Pero bueno, como dicen: El primer paso es aceptarlo. Y desde ahí me concentré en reescribir mis discursos. Primero aprendí que yo no soy mis títulos, ni los idiomas que hablo, ni los amigos que tengo, ni las felicitaciones de mis superiores, ni el orgullo de mi familia. Segundo, me repetí hasta el cansancio (y aún lo hago) que las fotos de vidas perfectas que veía en redes (y que yo publicaba) son mentira. Como dice una canción de Morat que amo cantar a todo pulmón, “tenemos que salirnos del engaño de que una foto muestra la verdad, dejar de compararnos con extraños, que nadie es tan perfecto en realidad”. Y finalmente, gracias al famoso libro Los 7 hábitos de la gente altamente efectiva (irónico, ¿no?), me pregunté: ¿Si me le fuera a San Pedro mañana, qué querría que dijeran en mi funeral? Me parece bien triste que sólo dijeran, “sí, sí, fue muy juiciosa, siempre entregó a tiempo y siempre sacó 5.0”, que sólo por eso me recordaran. Como no quería eso, necesitaba un cambio, un descanso. Y luego, debía reevaluar lo que yo creía que era el éxito.

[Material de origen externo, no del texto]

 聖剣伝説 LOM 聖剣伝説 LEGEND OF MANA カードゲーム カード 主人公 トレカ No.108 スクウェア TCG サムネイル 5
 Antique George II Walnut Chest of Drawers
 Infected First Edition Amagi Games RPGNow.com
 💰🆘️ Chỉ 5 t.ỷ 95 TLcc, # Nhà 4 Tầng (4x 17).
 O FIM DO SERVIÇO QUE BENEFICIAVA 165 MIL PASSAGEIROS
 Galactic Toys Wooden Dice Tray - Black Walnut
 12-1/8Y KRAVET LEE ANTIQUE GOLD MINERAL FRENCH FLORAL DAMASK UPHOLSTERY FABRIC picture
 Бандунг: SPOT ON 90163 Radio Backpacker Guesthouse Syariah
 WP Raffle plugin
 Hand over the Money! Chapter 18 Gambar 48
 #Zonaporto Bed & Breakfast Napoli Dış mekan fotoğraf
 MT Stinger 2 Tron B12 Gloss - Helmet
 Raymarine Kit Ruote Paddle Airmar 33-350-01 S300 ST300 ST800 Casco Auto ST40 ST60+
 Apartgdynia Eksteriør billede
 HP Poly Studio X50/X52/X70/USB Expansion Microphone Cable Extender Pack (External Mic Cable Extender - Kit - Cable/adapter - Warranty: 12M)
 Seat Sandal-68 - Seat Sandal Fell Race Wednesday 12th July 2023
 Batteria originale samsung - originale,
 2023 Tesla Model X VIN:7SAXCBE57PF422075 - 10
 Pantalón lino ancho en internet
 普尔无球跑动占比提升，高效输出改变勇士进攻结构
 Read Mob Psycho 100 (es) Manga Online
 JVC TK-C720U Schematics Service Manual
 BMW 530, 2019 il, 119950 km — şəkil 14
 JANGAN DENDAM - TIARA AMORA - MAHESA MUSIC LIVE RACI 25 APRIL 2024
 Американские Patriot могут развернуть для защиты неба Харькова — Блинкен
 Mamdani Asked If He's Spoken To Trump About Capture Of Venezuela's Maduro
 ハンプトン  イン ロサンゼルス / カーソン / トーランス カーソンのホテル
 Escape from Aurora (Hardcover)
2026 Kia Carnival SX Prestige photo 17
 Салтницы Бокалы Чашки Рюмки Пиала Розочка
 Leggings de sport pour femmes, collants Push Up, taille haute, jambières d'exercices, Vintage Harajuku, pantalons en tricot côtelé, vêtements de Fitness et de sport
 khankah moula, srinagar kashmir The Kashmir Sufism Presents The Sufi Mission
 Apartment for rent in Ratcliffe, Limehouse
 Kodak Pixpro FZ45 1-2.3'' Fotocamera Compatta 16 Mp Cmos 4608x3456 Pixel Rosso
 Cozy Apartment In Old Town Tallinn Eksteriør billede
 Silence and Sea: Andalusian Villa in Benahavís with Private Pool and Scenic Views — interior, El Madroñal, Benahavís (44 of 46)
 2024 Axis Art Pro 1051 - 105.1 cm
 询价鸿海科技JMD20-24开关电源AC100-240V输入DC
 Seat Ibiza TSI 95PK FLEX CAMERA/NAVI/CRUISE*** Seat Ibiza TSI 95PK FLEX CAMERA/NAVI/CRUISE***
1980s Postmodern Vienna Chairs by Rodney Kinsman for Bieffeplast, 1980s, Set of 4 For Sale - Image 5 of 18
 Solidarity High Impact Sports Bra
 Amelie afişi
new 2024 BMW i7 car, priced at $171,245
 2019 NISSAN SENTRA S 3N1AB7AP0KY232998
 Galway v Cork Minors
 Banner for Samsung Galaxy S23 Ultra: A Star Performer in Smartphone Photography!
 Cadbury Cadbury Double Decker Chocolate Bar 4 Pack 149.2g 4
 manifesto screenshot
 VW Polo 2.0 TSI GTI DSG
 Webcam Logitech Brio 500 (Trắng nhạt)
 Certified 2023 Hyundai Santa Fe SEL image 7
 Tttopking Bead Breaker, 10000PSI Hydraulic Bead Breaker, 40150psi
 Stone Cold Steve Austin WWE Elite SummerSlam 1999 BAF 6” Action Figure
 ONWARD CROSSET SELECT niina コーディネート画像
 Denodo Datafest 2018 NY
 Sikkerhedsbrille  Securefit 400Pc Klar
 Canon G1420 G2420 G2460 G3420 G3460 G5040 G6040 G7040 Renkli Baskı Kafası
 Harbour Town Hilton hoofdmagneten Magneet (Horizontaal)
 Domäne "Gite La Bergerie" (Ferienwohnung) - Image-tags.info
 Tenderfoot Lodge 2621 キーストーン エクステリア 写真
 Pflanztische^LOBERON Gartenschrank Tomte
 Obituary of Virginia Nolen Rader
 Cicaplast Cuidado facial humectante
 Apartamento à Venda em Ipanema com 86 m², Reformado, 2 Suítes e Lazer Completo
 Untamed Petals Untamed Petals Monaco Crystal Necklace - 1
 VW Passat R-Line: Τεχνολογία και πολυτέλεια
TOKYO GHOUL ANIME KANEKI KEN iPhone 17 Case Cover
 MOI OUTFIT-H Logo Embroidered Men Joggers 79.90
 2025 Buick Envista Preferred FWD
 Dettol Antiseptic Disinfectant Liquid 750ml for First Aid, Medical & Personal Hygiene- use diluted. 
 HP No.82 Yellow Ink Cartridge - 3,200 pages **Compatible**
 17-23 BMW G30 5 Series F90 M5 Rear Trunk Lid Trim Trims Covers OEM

Al final del cuento me cambié de trabajo, y ahora gano menos pero estoy feliz. Dejé las certificaciones en espera y llevo mi idioma con su avena y su pitillo. Y resulta que la vida también aguanta así. Sin tanta prisa y sin tanto estrés. Después de todo, ¿quién puede determinar lo que es el éxito para otra persona? Si se ven reflejadas en esta historia y también andan persiguiendo esa cima inalcanzable, les cuento que yo la alcancé y la bajada es mucho más divertida.

 

*Paula Velandia es profesora, le gusta el tinto, y se ha aprendido el nombre de todos los perritos del barrio.